*Source information:*
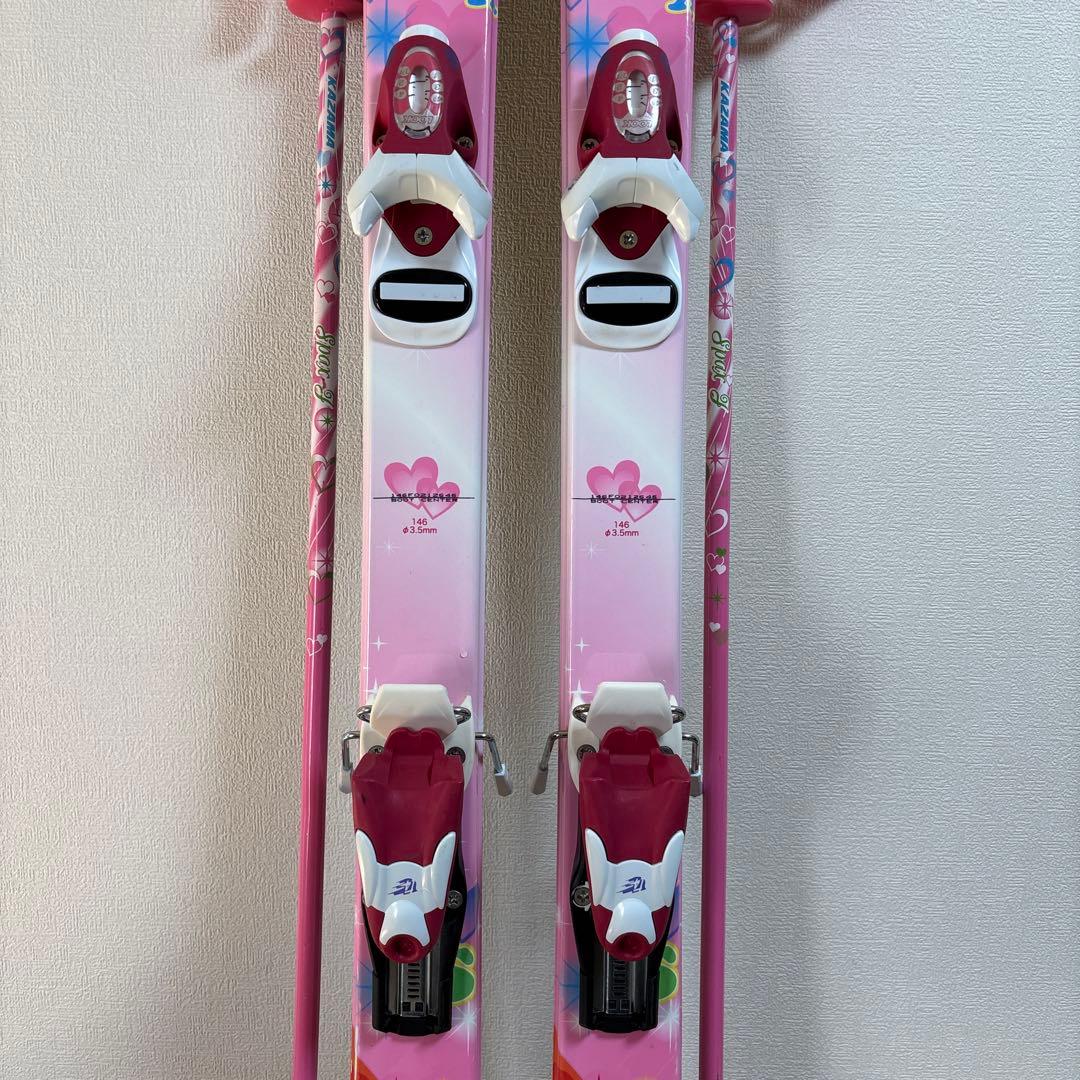 KAZAMAジュニア146cmスキーセット hart 23cm ストック付 - メルカリ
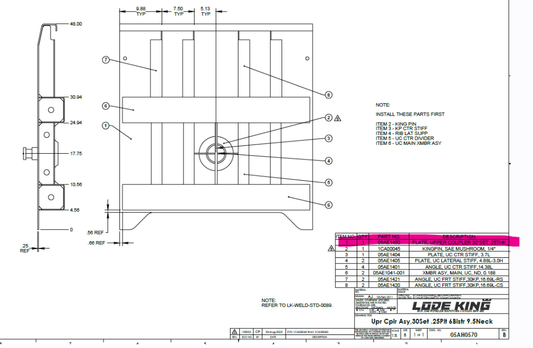 05AH0570 Upper plate assy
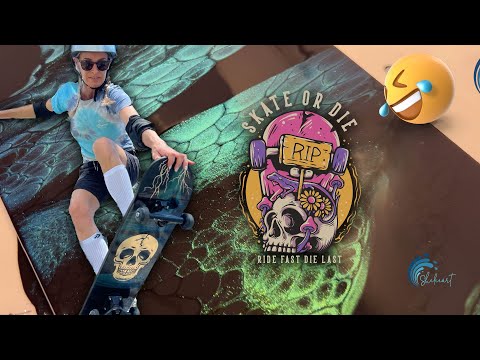 367. Sheleeart Fluid Artist - SKATE OR DIE LOL!  ☠️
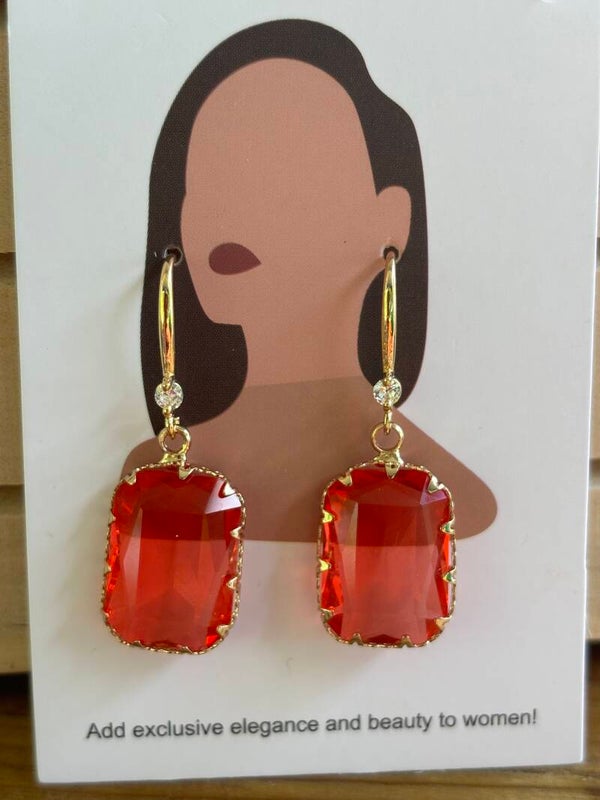 Rode rechthoeken glas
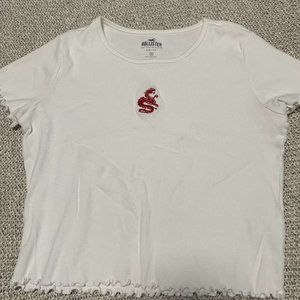 Hollister Size Medium Baby Tee with Dragon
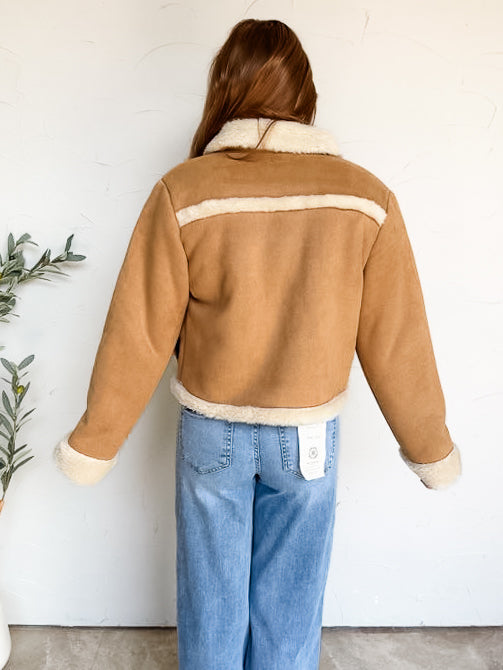 Ranch Wife Era Shearling Suede Jacket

*Your goal:*
Nothing but the lines from the line with "Hollister Size Medium Baby Tee with Dragon" through the end of the listing should appear in the answer, each duplicated exactly, without pictures.

*Response box:*
 Hollister Size Medium Baby Tee with Dragon
 Ranch Wife Era Shearling Suede Jacket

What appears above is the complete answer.